No sensible producer would ever remake Casablanca or Gone with The Wind. Both of these classics are scene after scene perfect. Likewise, the original Omen film was so polished that it was difficult to see how they could improve things. Do you follow the book and film closely or do a different take? Unfortunately all too often with this film they choose the frame by frame imitation, and each was a pale imitation of the original.

Take the dramatic scene where Damien cycles around eventually bumping his mum over the banister. In the original the sound track was genius, it built the momentum and climaxed perfectly. In this tawdry remake there was no mood build up, no tension.
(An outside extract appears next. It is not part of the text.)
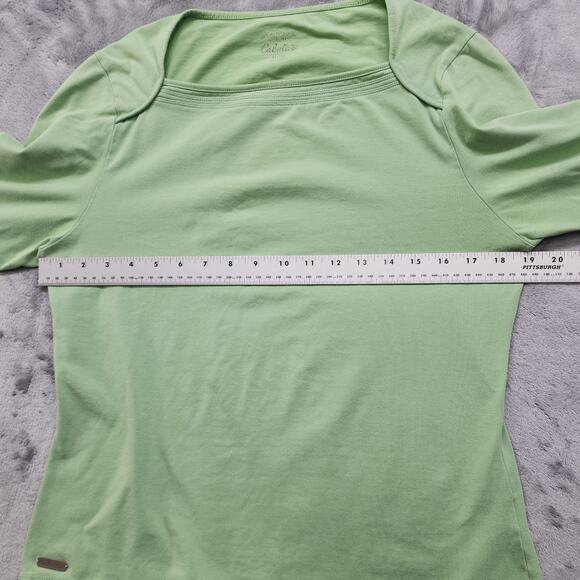 Cabela's Top Womens M Reg Green Blue Layered Look 3/4 Sleeves Stretch Cotton - Picture 7 of 9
The score, as throughout the rest of the film, was limp.

The writer tried too hard to match real modern events with the apocalyptic apocrypha, but as they were out of synch they would have been better left out. The writing would have been just as entertaining, if not more so, if events were invented to match with the book of Revelation's predications; suggestions that the sea in Revelation 8 somehow refers to politics is just plain stupid.

The cast was a troop of misfits. Julia Styles was wooden and Liev Schreiber always looked out of place; whilst Lee Remick and Gregory Peck are always going to be impossible to beat, these two TV quality stars were never going to be in the same league. I felt sorry for the real actors, the three British thespians normally found in better productions; Michael Gambon, Pete Postlethwaite and David Thewlis. David Thewlis struggled throughout to make his part worthy, but was constantly fighting against the cardboard cut-out of Schreiber that was always by his side. Michael Gambon looked apologetic for taking his bit part; he looked almost embarrassed in his scenes.

To conclude, a poorly executed film aimed to tie in with a single day. It would have been better to have kept this project as a TV movie.